The graph below shows the relative performance of the UK and MSCI World versus the MSCI Europe over the past six months, in which time the FTSE All Share has added 5% to the returns of the European index.
However, the UK is still cheaper than it was before the Brexit referendum, while Europe very much isn’t. While the UK has made back some of the valuations discount, it is still trading below where it stood at the end of May 2016 on a forward P/E basis – 13.2x compared to 14.4x. However, the MSCI Europe is more expensive, trading on 15.3x forward earnings, up from 14x. The MSCI World is even more expensive, at 17.7x compared to the pre-Brexit 14.4x.
The chart below shows the forward P/E on consensus earnings estimates over the past five years for UK, Europe and the developed world. Five years takes us back to just before the Brexit referendum, when we can see the indices all had very similar valuations.
Since then the UK has been notably out of favour. Even in recent months the valuations of Europe and the World have risen more than they have in the UK. And the UK still has a marginally negative Z-score, trading 0.1 standard deviations below the average of the past five years. Meanwhile the European index is 1.3 standard deviations above this mean, and the MSCI World almost two – 1.8 to be precise.
I think the main reason for this remaining premium is that Brexit is still weighing on the UK market. Although I believe that the striking of an eleventh-hour deal is possibly as important as the vaccination programme in the UK’s recent outperformance, market participants’ worries are unlikely to have simply evaporated.
The trade deal still has to be ratified by the European Parliament, the Northern Ireland issue rumbles on, while trade figures are very volatile at the moment due to the pandemic, meaning that the initial impact of Brexit on the economy is hard to unpick.
Looking at the consensus forward earnings field underlying Bloomberg’s P/E figure above, the UK and EU have both seen the same percentage uplift to earnings expectations since the end of November 2020 (20%). In my mind this is dubious.
The outlook for UK earnings should have more sensitivity to both Brexit and the general global reflationary rally that has anticipated the roll-out of vaccines. The consensus was that a no-deal Brexit would have had greater impact on the earnings of UK-facing businesses, while the high weighting to cyclical miners, energy and banks in the FTSE 100 should increase the sensitivity of the UK market to the global recovery. I think it is likely analysts are too bearish.
As a result, I think the UK looks the better short-term bet, despite the narrower discounts available on the investment trusts.
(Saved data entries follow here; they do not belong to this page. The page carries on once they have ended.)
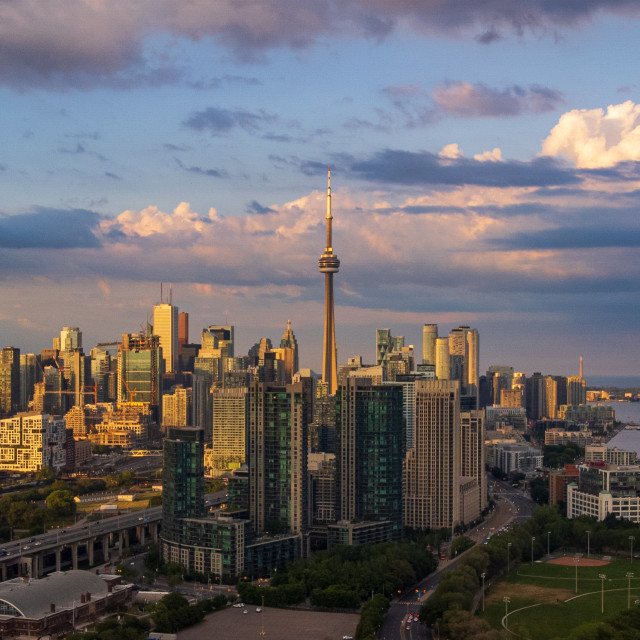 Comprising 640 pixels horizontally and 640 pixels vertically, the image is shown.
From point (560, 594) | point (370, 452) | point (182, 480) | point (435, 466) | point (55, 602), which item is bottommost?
point (560, 594)

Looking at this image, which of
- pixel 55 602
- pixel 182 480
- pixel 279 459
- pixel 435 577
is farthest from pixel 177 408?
pixel 55 602

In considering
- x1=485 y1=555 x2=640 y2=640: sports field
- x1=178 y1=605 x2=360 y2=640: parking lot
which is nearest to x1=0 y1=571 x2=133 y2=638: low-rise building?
x1=178 y1=605 x2=360 y2=640: parking lot

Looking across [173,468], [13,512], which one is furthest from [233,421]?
[173,468]

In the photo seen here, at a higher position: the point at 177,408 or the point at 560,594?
the point at 177,408

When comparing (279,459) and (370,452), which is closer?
(279,459)

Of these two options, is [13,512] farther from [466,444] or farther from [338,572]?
[466,444]

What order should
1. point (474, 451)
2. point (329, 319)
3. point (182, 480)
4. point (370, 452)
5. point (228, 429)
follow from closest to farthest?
point (182, 480) < point (370, 452) < point (474, 451) < point (228, 429) < point (329, 319)

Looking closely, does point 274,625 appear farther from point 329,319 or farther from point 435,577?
point 329,319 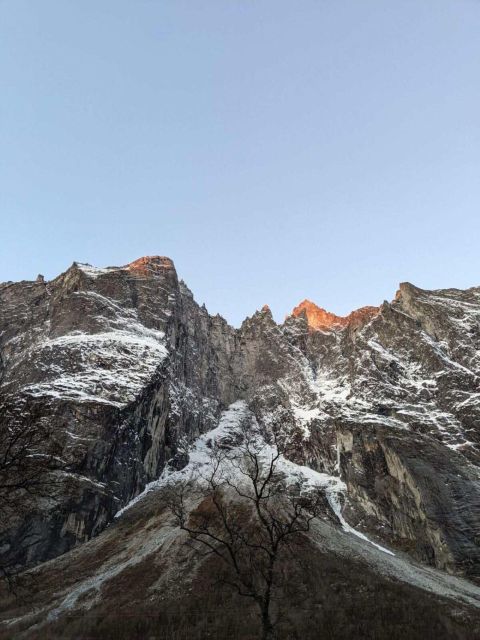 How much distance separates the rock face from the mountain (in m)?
0.49

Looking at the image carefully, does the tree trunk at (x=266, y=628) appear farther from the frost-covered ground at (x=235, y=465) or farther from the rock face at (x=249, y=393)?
the frost-covered ground at (x=235, y=465)

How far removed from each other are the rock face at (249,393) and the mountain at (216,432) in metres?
0.49

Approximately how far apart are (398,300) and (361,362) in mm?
35111

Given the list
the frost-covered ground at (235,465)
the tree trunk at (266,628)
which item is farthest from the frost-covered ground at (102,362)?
the tree trunk at (266,628)

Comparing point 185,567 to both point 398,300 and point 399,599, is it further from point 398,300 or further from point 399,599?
point 398,300

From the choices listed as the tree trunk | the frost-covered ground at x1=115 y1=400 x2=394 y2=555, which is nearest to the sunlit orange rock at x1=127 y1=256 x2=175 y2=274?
the frost-covered ground at x1=115 y1=400 x2=394 y2=555

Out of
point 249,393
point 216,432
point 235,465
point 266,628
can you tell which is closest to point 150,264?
point 249,393

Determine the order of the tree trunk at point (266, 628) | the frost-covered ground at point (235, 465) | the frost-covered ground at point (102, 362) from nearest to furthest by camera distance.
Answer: the tree trunk at point (266, 628)
the frost-covered ground at point (102, 362)
the frost-covered ground at point (235, 465)

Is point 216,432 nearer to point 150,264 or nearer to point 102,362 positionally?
point 102,362

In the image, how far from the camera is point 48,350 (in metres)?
113

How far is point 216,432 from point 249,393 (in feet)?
97.6

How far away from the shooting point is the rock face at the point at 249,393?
86.8 metres

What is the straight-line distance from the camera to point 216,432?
6147 inches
One trust to have done very well in the UK rally so far is Henderson Opportunities Trust (HOT), which is trading just below par at the time of writing (-0.7% as of COB on 22/04/2021). Over the past six months the NAV is up 51% and the share price 84% (on a total return basis). Yet the trust has one of the highest levels of gearing for UK focussed trusts at 13%, as well as mid-cap and cyclical biases which means it could continue to do well.
Unfortunately, it will have to be removed from our Discounted Opps Portfolio. Trusts like JPMorgan MidCap (JMF), Mercantile (MRC) and Schroder UK Mid Cap (SCP) have a focus on the FTSE 250 and trade on discounts of 4.5%, 4.4% and 5% respectively. In the large-cap space, City of London (CTY) has good exposure to traditional value names, but trades on a 3.1% premium.
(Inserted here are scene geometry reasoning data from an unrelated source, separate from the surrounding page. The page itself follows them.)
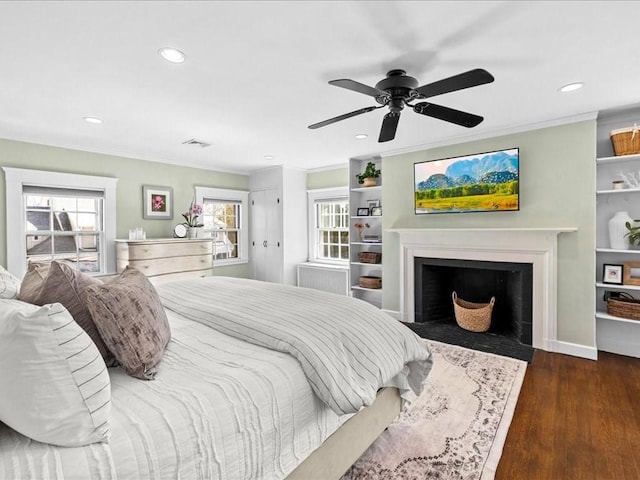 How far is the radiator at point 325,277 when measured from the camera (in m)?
5.32

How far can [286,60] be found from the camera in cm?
216

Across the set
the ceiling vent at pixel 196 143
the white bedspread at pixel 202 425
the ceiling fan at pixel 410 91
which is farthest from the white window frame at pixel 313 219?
the white bedspread at pixel 202 425

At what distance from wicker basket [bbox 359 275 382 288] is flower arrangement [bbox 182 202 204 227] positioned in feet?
8.78

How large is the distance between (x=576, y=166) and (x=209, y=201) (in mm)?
5050

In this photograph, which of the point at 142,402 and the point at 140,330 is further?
the point at 140,330

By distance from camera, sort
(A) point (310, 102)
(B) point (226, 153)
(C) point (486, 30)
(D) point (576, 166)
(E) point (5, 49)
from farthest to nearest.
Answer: (B) point (226, 153) < (D) point (576, 166) < (A) point (310, 102) < (E) point (5, 49) < (C) point (486, 30)

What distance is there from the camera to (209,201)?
5.66 meters

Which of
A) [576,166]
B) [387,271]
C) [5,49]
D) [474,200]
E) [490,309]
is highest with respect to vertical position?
[5,49]

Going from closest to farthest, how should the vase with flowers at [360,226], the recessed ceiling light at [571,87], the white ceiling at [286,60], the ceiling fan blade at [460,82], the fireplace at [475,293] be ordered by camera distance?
the white ceiling at [286,60]
the ceiling fan blade at [460,82]
the recessed ceiling light at [571,87]
the fireplace at [475,293]
the vase with flowers at [360,226]

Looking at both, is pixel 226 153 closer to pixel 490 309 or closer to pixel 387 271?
pixel 387 271

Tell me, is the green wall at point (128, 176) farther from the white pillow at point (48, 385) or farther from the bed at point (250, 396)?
the white pillow at point (48, 385)

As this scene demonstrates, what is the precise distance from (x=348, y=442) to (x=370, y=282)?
3.50m

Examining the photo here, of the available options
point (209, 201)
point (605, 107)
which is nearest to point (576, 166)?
point (605, 107)

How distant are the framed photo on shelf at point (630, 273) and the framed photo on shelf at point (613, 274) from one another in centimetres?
Answer: 3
Edinburgh Investment Trust (EDIN) looks cheaper on a 5.3% discount, and has a more explicitly value-focussed approach under the new manager Majedie Asset Management. EDIN has performed more strongly on a NAV basis over the past year, perhaps thanks to this greater value exposure.
JPMorgan Claverhouse (JCH) has outperformed both, and sits on a discount of 2.1%. All three sit in the equity income sector, which tends to have much higher exposure to the FTSE 100 than the UK All Companies sector.